**EXERCISE OBJECTIVE**
What you return should be the complete listing, unchanged, with no pictures in it.

**DATASET CONTENT**
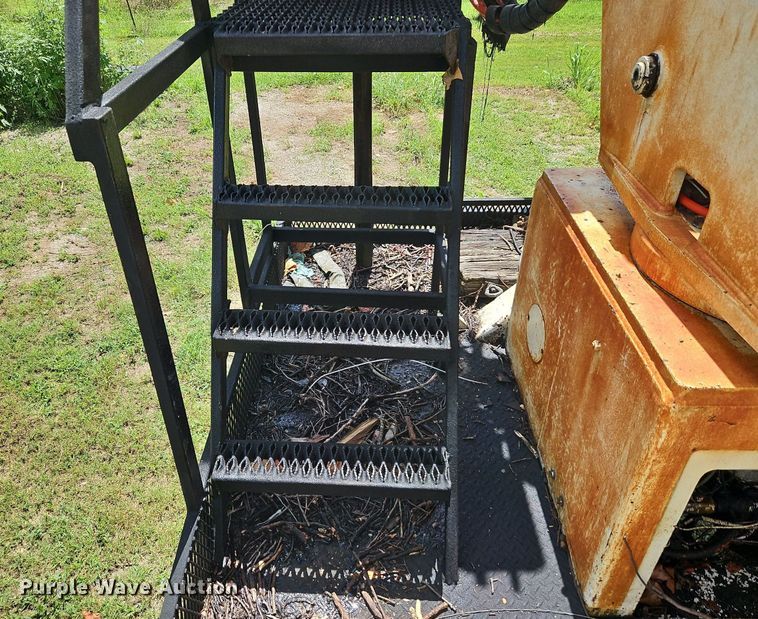 image for item DP2323 1993  Ford F700  bucket truck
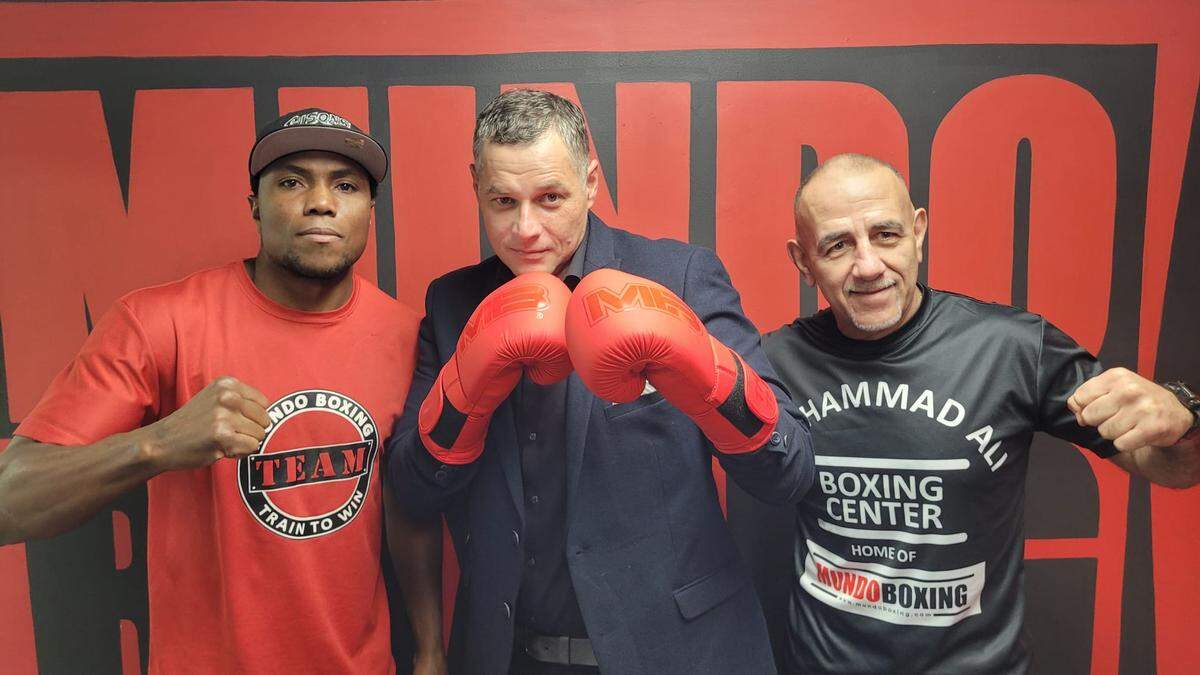 Rolando Moreno (centro) junto al boxeador Alexis Angulo y el entrenador Pedro Díaz (der.).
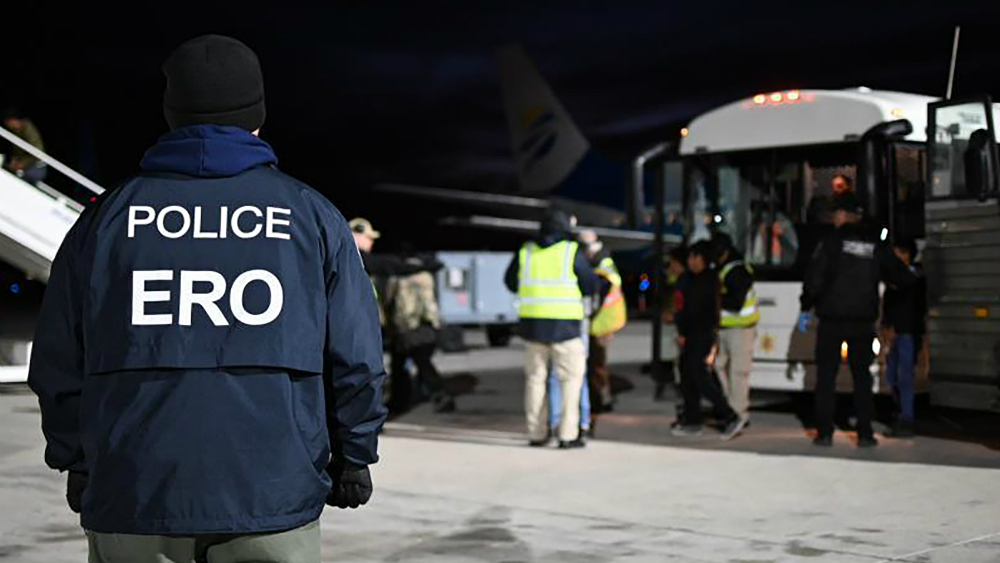 Gobierno de Biden puede mantener activa norma que expulsa migrantes Gobierno de Biden puede mantener activa norma que expulsa migrantes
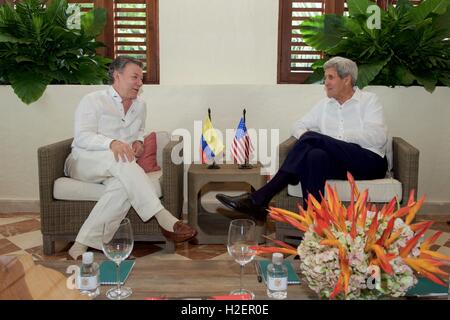 Carthagène, Colombie. 26 Septembre, 2016. Le secrétaire d'Etat John Kerry parle avec le président colombien Juan Manuel Santos à la Casa de marques de Valdehoyos le 26 septembre 2016 à Carthagène, Colombie. Kerry est en Colombie pour participé à une cérémonie de la paix entre le gouvernement colombien et les Forces armées révolutionnaires de Colombie (FARC) qui a mis fin à une période de cinq années de conflit. Credit : Planetpix/Alamy Live News Banque D'Images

**RESPONSE**
 image for item DP2323 1993  Ford F700  bucket truck
 Rolando Moreno (centro) junto al boxeador Alexis Angulo y el entrenador Pedro Díaz (der.).
 Gobierno de Biden puede mantener activa norma que expulsa migrantes Gobierno de Biden puede mantener activa norma que expulsa migrantes
 Carthagène, Colombie. 26 Septembre, 2016. Le secrétaire d'Etat John Kerry parle avec le président colombien Juan Manuel Santos à la Casa de marques de Valdehoyos le 26 septembre 2016 à Carthagène, Colombie. Kerry est en Colombie pour participé à une cérémonie de la paix entre le gouvernement colombien et les Forces armées révolutionnaires de Colombie (FARC) qui a mis fin à une période de cinq années de conflit. Credit : Planetpix/Alamy Live News Banque D'Images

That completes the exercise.